Do you know where all of your organization’s devices are at this moment, and what they’re being used for?
As organizations increase their smartphone, laptop, tablet, and other mobile device usage, they’re also increasing their risk across these thousands and sometimes hundreds of thousands of endpoints. The question becomes not just how you can keep track of those devices, but how do you gain insight into each device’s real-time status, compliance, and security?
This is why security teams are turning to mobile device management (MDM) solutions. But in our current report on the “State of device management,” we found that organizations are struggling to keep up, as only 23% say that all or nearly all of their devices are enrolled in their MDM, and only 25% have all or almost all of their devices running the last OS. Additionally, only about half find their MDM solutions effective.
If you want to increase endpoint security, pay attention to these industry trends and implement them in your device management strategy so you can keep end users safe and your organization secure.
Five trends shaping the future of device management
Device management needs to evolve quickly to keep up with growing inventory and rising threats. Here are five new trends in device management and how your organization can capitalize on them.
Trend 1: Zero trust
A laptop should not be granted permissions simply because it is located in an office. With the growing popularity of remote work, consider your office network as safe as the Wi-Fi at your local Starbucks. This is why zero-trust — the ability to control access to applications based not on the identity of the user but on the identity and state of their client device — is a great place to start in device management.
Organizations should move from perimeter-based security to explicit and constantly enforced verification of the security attributes of a user or machine — ensuring you authenticate users as well as their device. Zero trust is also a cost-saver, as IBM recently reported that having zero trust deployment can reduce the cost of data breaches by 42.3%.

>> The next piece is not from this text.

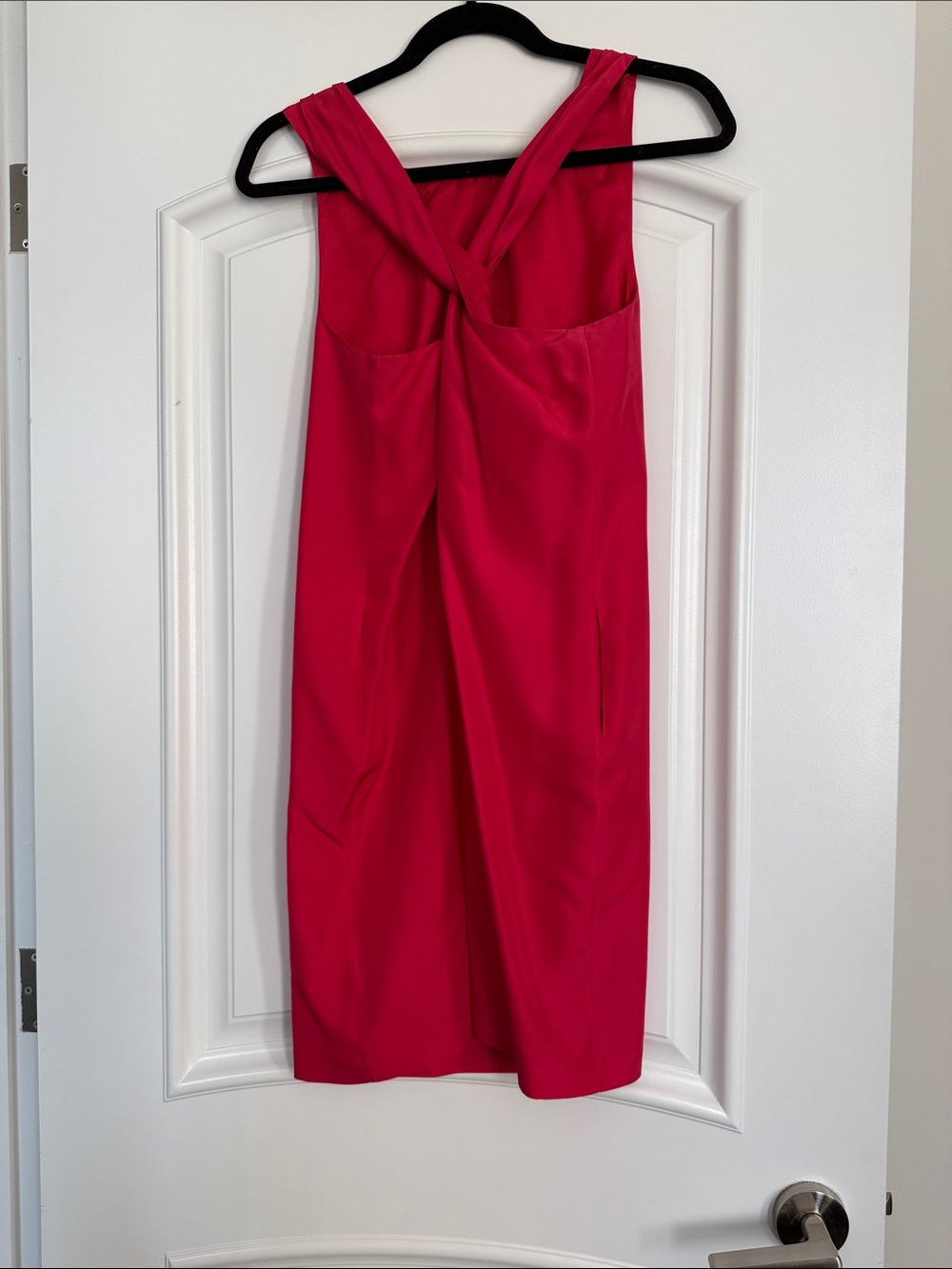 Banana Republic Silk Red Women's Dress - Picture 2 of 4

Trend 2: Moving away from VPNs
End users still rely on VPNs, yet having their laptop placed on the “internal network” of the company grants a level of trust that should not be offered. Devices also are not verified constantly throughout the day via VPN. Organizations that want to make sure the security of their devices will move away from VPNs to safer protocols like TLS with identity-aware proxies — which will provide a more productive experience for employees while improving security at the same time.

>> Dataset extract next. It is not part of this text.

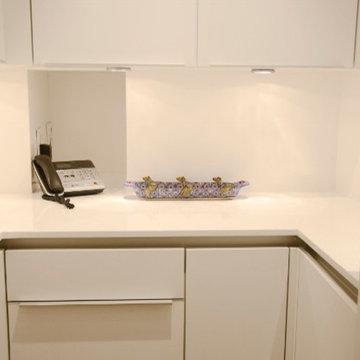 Galleria, high-rise Poggenpohl kitchen renovation in the Four Leaf Towers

Replace VPNs with HTTPS proxies with strong two-factor authentication (2FA) requirements, integrate them into your endpoint tools, and implement continuous device posture checking as well. Additionally, invest in tools with open APIs that can be incorporated into the overall architecture you want to deploy. Not only will you have a much safer security architecture, but the proxies being used for specific applications won’t require centralizing all traffic from workstations.
Trend 3: Thinner endpoints
Why not also rethink which endpoints you choose? Most SaaS is web-based — do we still need Mac or PCs if everything is on the web? Wouldn’t a Chromebook be easier to manage and safer? With more apps moving to the web, make your endpoints thinner and more manageable.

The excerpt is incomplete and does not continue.